◆ Exercise brief:
Copying rule for the data below: take the line containing "[ยกลัง 6 ถุง]" and every line after it to the end, exactly, and drop all pictures.

(Web page caption snippets)

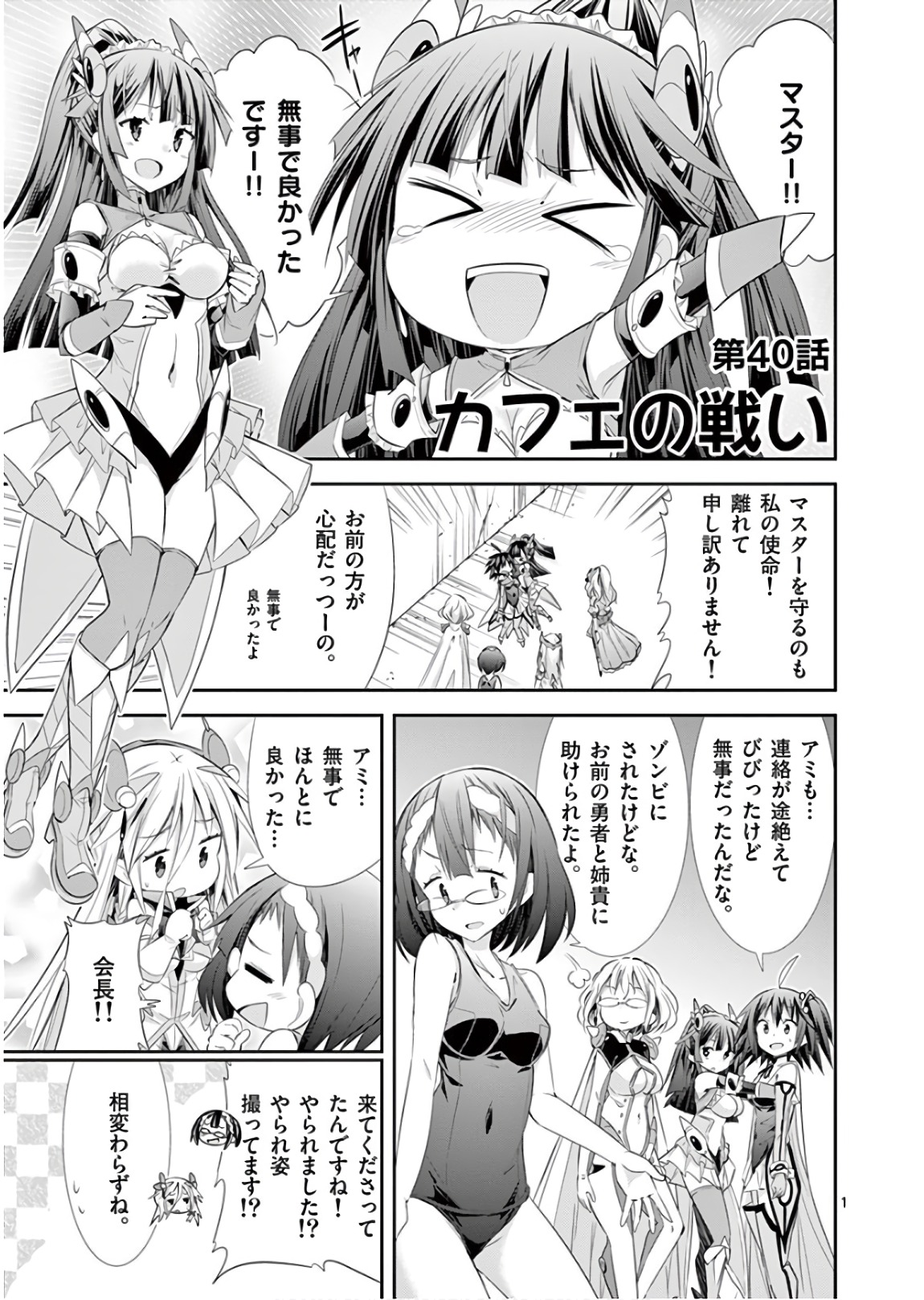 Page: 1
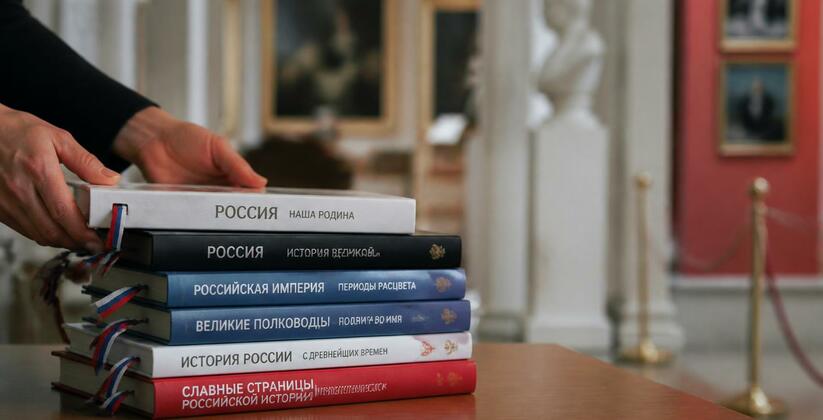 Приглашение нижегородцев прислать истории об уч...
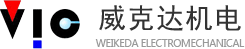 四川峨嵋山藥業(yè)有限公司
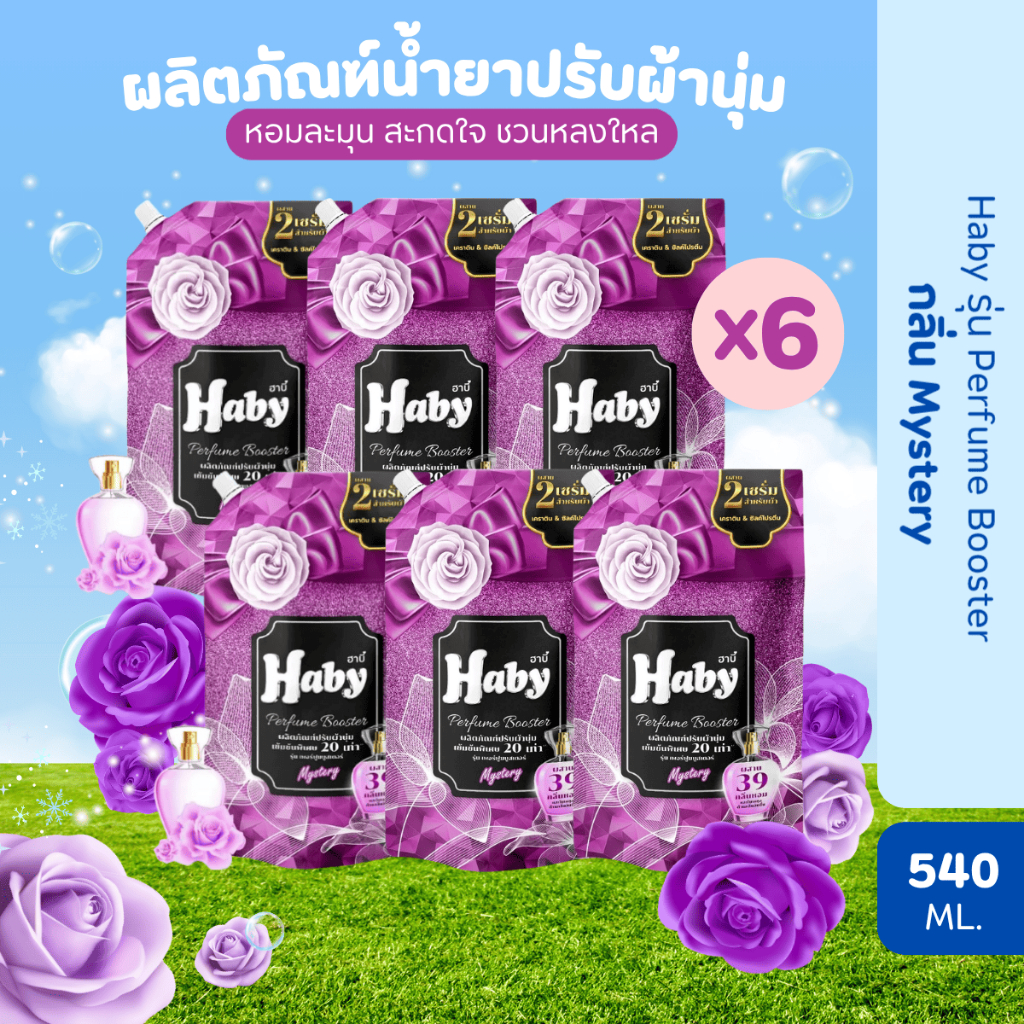 [ยกลัง 6 ถุง] Haby รุ่น Perfume Booster ผลิตภัณฑ์ปรับผ้านุ่ม น้ำยาปรับผ้านุ่ม สูตรเข้มข้น กลิ่น Mystery ขนาด 540 ml.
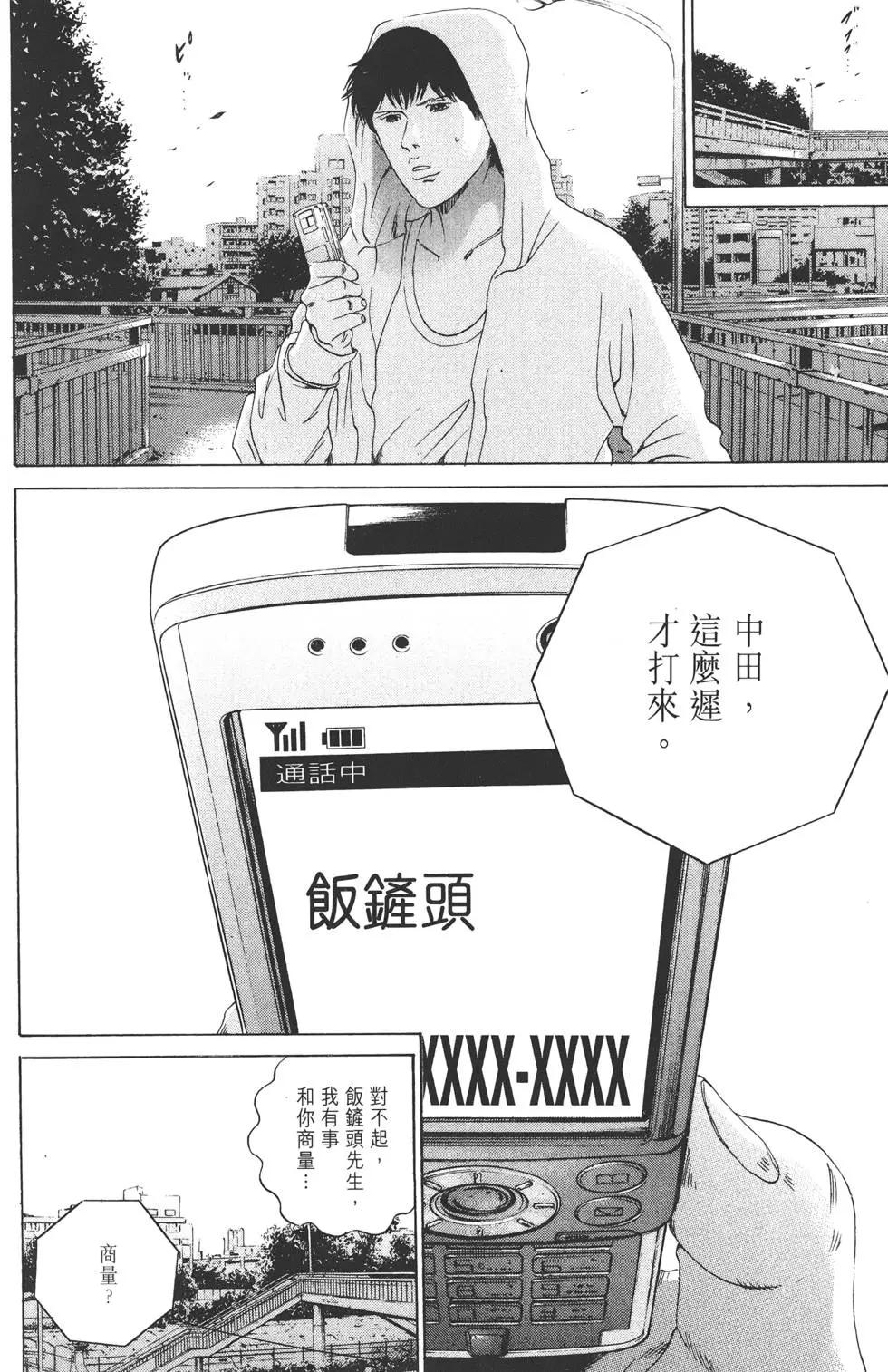 第17卷172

◆ Task answer:
 [ยกลัง 6 ถุง] Haby รุ่น Perfume Booster ผลิตภัณฑ์ปรับผ้านุ่ม น้ำยาปรับผ้านุ่ม สูตรเข้มข้น กลิ่น Mystery ขนาด 540 ml.
 第17卷172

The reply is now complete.